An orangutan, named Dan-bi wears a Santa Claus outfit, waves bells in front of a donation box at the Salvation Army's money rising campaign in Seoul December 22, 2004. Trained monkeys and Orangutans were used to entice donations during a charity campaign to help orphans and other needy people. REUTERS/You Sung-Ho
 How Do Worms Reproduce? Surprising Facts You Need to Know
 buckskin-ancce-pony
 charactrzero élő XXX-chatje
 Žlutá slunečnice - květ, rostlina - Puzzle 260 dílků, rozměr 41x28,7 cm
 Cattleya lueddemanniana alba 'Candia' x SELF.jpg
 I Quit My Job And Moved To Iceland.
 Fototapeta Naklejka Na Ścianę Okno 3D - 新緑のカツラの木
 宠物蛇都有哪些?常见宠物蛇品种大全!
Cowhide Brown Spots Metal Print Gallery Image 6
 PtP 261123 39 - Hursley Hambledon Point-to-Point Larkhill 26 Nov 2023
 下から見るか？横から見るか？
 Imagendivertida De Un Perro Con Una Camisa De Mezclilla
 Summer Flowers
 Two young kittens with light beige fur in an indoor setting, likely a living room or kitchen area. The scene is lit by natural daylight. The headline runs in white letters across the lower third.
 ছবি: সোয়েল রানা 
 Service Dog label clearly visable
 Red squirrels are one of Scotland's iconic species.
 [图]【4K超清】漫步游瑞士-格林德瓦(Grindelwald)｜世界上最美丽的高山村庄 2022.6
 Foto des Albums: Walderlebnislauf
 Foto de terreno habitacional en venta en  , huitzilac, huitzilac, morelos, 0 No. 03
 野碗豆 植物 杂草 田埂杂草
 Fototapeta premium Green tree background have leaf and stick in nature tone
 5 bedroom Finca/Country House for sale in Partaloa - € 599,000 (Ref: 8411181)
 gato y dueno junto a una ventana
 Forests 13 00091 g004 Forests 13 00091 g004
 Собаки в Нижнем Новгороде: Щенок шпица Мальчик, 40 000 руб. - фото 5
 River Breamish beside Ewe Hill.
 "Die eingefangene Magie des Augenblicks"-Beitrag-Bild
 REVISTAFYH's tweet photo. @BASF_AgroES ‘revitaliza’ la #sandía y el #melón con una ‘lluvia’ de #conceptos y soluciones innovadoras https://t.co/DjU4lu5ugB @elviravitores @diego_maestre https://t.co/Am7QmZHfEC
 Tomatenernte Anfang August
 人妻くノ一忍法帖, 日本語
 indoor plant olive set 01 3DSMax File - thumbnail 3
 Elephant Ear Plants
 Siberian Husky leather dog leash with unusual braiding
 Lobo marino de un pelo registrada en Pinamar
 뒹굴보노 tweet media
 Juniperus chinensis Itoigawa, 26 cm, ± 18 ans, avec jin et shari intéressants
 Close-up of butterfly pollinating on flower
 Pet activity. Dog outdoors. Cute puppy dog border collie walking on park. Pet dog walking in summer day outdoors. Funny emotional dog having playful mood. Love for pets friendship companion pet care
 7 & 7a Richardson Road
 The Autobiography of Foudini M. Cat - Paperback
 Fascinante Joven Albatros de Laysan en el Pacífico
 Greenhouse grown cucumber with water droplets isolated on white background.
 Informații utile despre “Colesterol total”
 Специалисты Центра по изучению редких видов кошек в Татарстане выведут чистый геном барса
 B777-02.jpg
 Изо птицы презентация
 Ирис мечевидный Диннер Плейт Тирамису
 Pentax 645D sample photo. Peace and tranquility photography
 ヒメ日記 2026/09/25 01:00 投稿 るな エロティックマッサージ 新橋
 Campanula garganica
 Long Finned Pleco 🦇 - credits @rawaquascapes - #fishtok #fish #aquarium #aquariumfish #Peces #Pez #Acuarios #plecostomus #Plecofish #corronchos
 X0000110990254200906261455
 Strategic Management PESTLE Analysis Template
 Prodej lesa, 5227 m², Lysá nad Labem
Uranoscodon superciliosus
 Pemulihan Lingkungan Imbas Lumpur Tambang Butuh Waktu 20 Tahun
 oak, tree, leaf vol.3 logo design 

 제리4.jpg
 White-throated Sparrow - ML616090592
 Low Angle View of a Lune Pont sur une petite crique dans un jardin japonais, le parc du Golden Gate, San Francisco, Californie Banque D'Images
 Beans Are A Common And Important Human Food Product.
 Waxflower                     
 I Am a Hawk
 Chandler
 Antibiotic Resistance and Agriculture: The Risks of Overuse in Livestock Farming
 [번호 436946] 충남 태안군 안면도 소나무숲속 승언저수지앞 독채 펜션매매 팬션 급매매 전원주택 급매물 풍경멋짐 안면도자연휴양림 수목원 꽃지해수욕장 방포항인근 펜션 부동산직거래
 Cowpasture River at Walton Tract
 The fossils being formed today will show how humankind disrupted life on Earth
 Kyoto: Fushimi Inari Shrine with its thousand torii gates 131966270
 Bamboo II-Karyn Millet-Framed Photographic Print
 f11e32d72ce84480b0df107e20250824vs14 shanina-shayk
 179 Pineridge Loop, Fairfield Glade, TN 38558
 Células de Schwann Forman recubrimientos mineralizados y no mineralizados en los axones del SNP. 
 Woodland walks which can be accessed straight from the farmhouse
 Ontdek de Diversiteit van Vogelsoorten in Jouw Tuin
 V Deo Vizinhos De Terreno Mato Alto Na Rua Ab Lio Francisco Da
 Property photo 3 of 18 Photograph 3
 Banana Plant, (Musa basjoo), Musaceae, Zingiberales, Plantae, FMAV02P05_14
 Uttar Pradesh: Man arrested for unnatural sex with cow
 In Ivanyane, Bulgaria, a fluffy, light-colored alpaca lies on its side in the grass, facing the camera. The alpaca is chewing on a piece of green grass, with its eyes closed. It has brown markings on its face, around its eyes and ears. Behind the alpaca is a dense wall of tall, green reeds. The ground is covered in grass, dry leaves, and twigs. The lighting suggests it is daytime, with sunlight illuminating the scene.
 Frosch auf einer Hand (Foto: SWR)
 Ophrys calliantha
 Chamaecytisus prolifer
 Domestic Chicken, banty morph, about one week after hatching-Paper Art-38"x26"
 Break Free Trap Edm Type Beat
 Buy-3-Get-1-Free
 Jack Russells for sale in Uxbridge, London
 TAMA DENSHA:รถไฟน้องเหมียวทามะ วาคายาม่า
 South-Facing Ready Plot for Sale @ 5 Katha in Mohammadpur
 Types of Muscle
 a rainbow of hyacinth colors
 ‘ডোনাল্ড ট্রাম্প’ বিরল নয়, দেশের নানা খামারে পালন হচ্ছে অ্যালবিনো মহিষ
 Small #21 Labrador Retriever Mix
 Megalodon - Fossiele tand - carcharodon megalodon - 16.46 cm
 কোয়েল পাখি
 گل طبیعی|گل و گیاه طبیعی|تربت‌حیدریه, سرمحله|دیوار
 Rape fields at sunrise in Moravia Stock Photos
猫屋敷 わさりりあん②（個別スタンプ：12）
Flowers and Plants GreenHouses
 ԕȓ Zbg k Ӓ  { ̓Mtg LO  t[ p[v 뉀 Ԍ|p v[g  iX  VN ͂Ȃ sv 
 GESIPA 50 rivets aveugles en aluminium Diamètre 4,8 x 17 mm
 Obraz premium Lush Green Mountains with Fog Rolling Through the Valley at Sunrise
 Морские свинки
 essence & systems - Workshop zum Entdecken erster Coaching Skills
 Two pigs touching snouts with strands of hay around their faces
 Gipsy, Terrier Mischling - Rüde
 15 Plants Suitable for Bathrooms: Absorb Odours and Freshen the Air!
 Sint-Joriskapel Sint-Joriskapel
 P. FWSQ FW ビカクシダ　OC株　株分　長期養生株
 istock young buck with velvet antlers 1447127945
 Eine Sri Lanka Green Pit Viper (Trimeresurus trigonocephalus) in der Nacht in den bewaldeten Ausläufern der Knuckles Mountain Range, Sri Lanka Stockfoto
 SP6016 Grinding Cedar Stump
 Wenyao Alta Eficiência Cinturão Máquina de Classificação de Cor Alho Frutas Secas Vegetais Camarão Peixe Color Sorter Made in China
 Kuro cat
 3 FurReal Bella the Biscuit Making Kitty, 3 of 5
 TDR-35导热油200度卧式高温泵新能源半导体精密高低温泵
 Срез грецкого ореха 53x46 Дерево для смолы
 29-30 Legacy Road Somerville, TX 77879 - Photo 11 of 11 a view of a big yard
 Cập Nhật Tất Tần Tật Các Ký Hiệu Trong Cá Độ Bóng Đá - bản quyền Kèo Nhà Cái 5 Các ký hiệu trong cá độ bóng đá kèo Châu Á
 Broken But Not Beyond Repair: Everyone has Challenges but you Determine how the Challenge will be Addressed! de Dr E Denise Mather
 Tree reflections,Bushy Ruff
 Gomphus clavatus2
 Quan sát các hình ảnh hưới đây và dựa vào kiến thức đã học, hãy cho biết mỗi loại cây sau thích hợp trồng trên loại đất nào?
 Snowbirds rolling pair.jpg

= PROBLEM DETAILS =
Could you restate, word for word, the lines above from the one with "Fototapeta Naklejka Na" to the one with "Fascinante Joven Albatros", both included?

= WRITTEN REPLY =
 Fototapeta Naklejka Na Ścianę Okno 3D - 新緑のカツラの木
 宠物蛇都有哪些?常见宠物蛇品种大全!
Cowhide Brown Spots Metal Print Gallery Image 6
 PtP 261123 39 - Hursley Hambledon Point-to-Point Larkhill 26 Nov 2023
 下から見るか？横から見るか？
 Imagendivertida De Un Perro Con Una Camisa De Mezclilla
 Summer Flowers
 Two young kittens with light beige fur in an indoor setting, likely a living room or kitchen area. The scene is lit by natural daylight. The headline runs in white letters across the lower third.
 ছবি: সোয়েল রানা 
 Service Dog label clearly visable
 Red squirrels are one of Scotland's iconic species.
 [图]【4K超清】漫步游瑞士-格林德瓦(Grindelwald)｜世界上最美丽的高山村庄 2022.6
 Foto des Albums: Walderlebnislauf
 Foto de terreno habitacional en venta en  , huitzilac, huitzilac, morelos, 0 No. 03
 野碗豆 植物 杂草 田埂杂草
 Fototapeta premium Green tree background have leaf and stick in nature tone
 5 bedroom Finca/Country House for sale in Partaloa - € 599,000 (Ref: 8411181)
 gato y dueno junto a una ventana
 Forests 13 00091 g004 Forests 13 00091 g004
 Собаки в Нижнем Новгороде: Щенок шпица Мальчик, 40 000 руб. - фото 5
 River Breamish beside Ewe Hill.
 "Die eingefangene Magie des Augenblicks"-Beitrag-Bild
 REVISTAFYH's tweet photo. @BASF_AgroES ‘revitaliza’ la #sandía y el #melón con una ‘lluvia’ de #conceptos y soluciones innovadoras https://t.co/DjU4lu5ugB @elviravitores @diego_maestre https://t.co/Am7QmZHfEC
 Tomatenernte Anfang August
 人妻くノ一忍法帖, 日本語
 indoor plant olive set 01 3DSMax File - thumbnail 3
 Elephant Ear Plants
 Siberian Husky leather dog leash with unusual braiding
 Lobo marino de un pelo registrada en Pinamar
 뒹굴보노 tweet media
 Juniperus chinensis Itoigawa, 26 cm, ± 18 ans, avec jin et shari intéressants
 Close-up of butterfly pollinating on flower
 Pet activity. Dog outdoors. Cute puppy dog border collie walking on park. Pet dog walking in summer day outdoors. Funny emotional dog having playful mood. Love for pets friendship companion pet care
 7 & 7a Richardson Road
 The Autobiography of Foudini M. Cat - Paperback
 Fascinante Joven Albatros de Laysan en el Pacífico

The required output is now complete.